Orient
Page 50
“But it’s her closet, isn’t it? She’s the owner of this house. It doesn’t seem like a stretch to think she might put it there, unaware that you were regularly hiding mail behind her old winter coats.”
Beth smirked. And to think Mike had come to her door only a week ago in the guise of friendship asking for her help. Maybe Roe diCorcia was right—once she moved away, she was no longer a local, no longer someone to be trusted.
“Do we even know if that was the gas can used in the fire?” she asked. “Maybe it’s unrelated. It’s not like it’s covered in blood.”
“Who else visited you in the last thirty-seven hours?”
“Luz Wilson,” she said. She recalled the black gloves Luz wore to the funeral and the L of her diamond earring.
Gavril tapped his finger on the coffee table. “Luz was here two days ago. She wasn’t here yesterday or today. But that boy was.”

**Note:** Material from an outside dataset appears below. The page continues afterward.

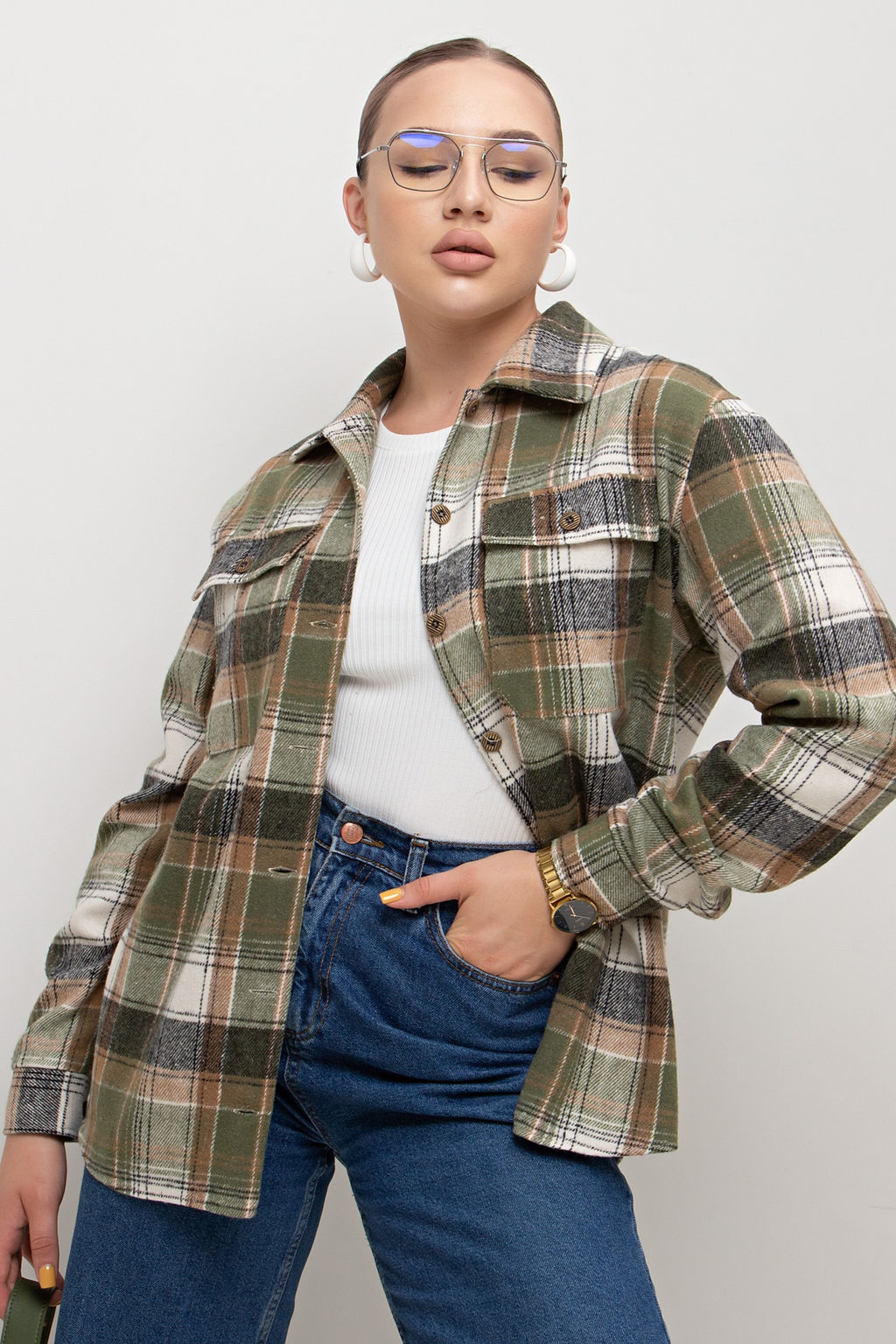 VALENTINA Рубашка Ида №14  фото 3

“Which boy?” Mike’s eyes brightened.
“No,” Beth droned. “He didn’t have a gas can either. I saw him when he came in. He’d just come from the beach, and he doesn’t drive a car, so there’s no way he could have hidden it.”
“Which boy?” Mike asked again.
Gavril continued tapping. “That foster kid who’s staying in the house next to the Muldoons.”
“Would you be quiet?” she snapped. Gavril had never liked Mills, but she couldn’t believe he would sacrifice the boy to the police just to spite her. Or could Gavril actually believe that he was saving her? After all, he thought Mills was the one poisoning her mind. Whatever his reasoning, she was stung.
“Mills Chevern was in your home?” It worried her that Mike didn’t bother to write down his name.
“I asked him to come over so I could paint him. He was doing me a favor. But he didn’t have a gas can. He had nothing to do with the fire, and he was never near that closet.”
“He could have hidden it outside and taken the opportunity to stash it there when you left the room,” Mike said. “Or, like you said, he might have had Jeff’s keys.”
It suddenly struck Beth: she was betraying her only friend, had betrayed him already. Without meaning to, she had connected him to the fire. She closed her eyes and clutched the fabric of the couch. There was no way to prevent an entire village from blaming the scapegoat it had already selected. All she could do was watch the evidence mount.
“He was with me the day Magdalena died. And I’m guessing he has an alibi for Jeff Trader’s death as well.”
“Presuming those are related.”
“And wasn’t he with Paul Benchley when the fire started? He didn’t do it, Mike. Although that would make your job easy, wouldn’t it? Blame the one kid that everyone out here can afford to lose.”
Mike watched her with an expired smile.
“Why do you defend him?” Gavril snarled. “Even before you defend me.”
She ignored her husband, leaning over her knees.
“I found that journal I told you about. Jeff Trader was keeping notes on the secrets of the people he worked for. There’s more than enough in there to give one of them a motive. I don’t think Jeff was above blackmail. And you should know that Bryan Muldoon had a number of affairs, including one with Holly Drake.” She was betraying Holly now too, but she was doing it to save Mills. “They used to meet at the Seaview.”
Mike hummed. “I’ll take that into consideration. You can produce this journal tonight?”
She nodded. “You should also know that Lisa Muldoon wasn’t away at college when her family died. I saw her in Orient two weeks before the fire. She’s been here the whole time, not up in Buffalo in her dorm room. I think she might have been seeing Adam Pruitt. Have you even bothered to check her alibi?”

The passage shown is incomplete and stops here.